La BCE doit garantir les dettes publiques edit

1 octobre 2011

La crise des dettes publiques s’aggrave et va continuer de s’aggraver tant que les autorités ne feront pas leur devoir. En l’occurrence, la responsabilité revient maintenant à la BCE qui seule a les moyens d’agir. Toutes les autres idées qui fleurissent un peu partout sont vouées à l’échec parce qu’elles ne prennent pas en compte les ordres de grandeur faramineux qui sont désormais en jeu. Mais, pour arrêter la crise, la BCE doit changer de registre : au lieu de réagir aux événements en courant derrière les marchés, elle doit à présent les devancer en offrant une garantie partielle des dettes publiques de la zone euro.

En mai 2010, les autorités de la zone euro, gouvernements et BCE, ont franchi un Rubicon qu’elles n’auraient jamais dû franchir. Au lieu de laisser la Grèce aller au FMI et organiser une restructuration de sa dette (comme je l’avais proposé ici), ils ont déclaré que la crise était une affaire collective. Ce qu’elle est devenue. En apportant un soutien financier à la Grèce, les gouvernements et la BCE n’ont pas seulement violé le principe de non sauvetage (les articles 123 et 125 du Traité), mais ils se sont engagés dans une voie périlleuse dont ils ne maîtrisent ni la direction, ni les conséquences, et encore moins les moyens financiers nécessaires. Ils croyaient très explicitement sauver seulement la Grèce, mais ils se sont obligés de sauver tous les pays de la zone euro si, d’aventure, la crise se propageait. Évidemment, la crise s’est propagée. Aujourd’hui, la Grèce n’est que la pointe de l’iceberg. Il y a eu l’Irlande et le Portugal. L’Italie est probablement condamnée à subir le même sort, ce qui précipitera l’Espagne et, sans doute, la France dont les banques sont très exposées aux gigantesques dettes italiennes et espagnoles.
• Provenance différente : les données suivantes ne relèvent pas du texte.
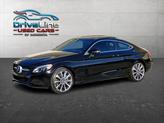 Thumbnail of 2018 Black Mercedes-Benz C-Class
Sans compter la dette française, les dettes publiques de ces pays représentent un total de 28% du PIB de la zone euro, et 42% si l’on inclut la dette de la France. Il est très, très important de garder en tête ces ordres de grandeur. Ceux qui évoquent une intervention du FSFE (Fonds de Stabilité Financière Européen) oublient que ce fonds dispose aujourd’hui d’un montant de l’ordre de 2% du PIB de la zone euro et de moins de 4% si la proposition d’augmentation en cours est finalement acceptée, ce qui est loin d’être acquis. De même ceux qui voient le salut dans la mutualisation des dettes publiques grâce à l’émission d’euro-obligations comptent sur la solidité financière de l’Allemagne. Mais les dettes à garantir représentent 130% du PIB allemand sans compter la dette française, et pratiquement deux fois le PIB allemand avec la dette de la France. Un petit tour d’Europe est particulièrement déprimant. Les Grecs attendent un FSFE agrandi. Les Italiens et les Espagnols sont certains que des euro-obligations vont être émises. Les Français poussent pour un gouvernement économique de l’Europe, dont on ne voit ni les contours, ni le rôle dans cette crise. Quant aux Allemands, ils sont tétanisés à l’idée qu’ils pourraient être amenés à payer ne serait-ce qu’une fraction de ces dettes. Les Hollandais, les Finlandais et les autres pays vertueux en matière de finances publiques partagent l’angoisse des allemands. Au fond, chacun a raison du point de vue de l’intérêt national, mais les divergences des intérêts nationaux sont aujourd’hui tellement extrêmes qu’il n’y aura jamais aucun accord pour doper le FSFE au niveau nécessaire ou émettre des euro-obligations. Les chiffres sont tyranniques, mais les ignorer n’est pas possible.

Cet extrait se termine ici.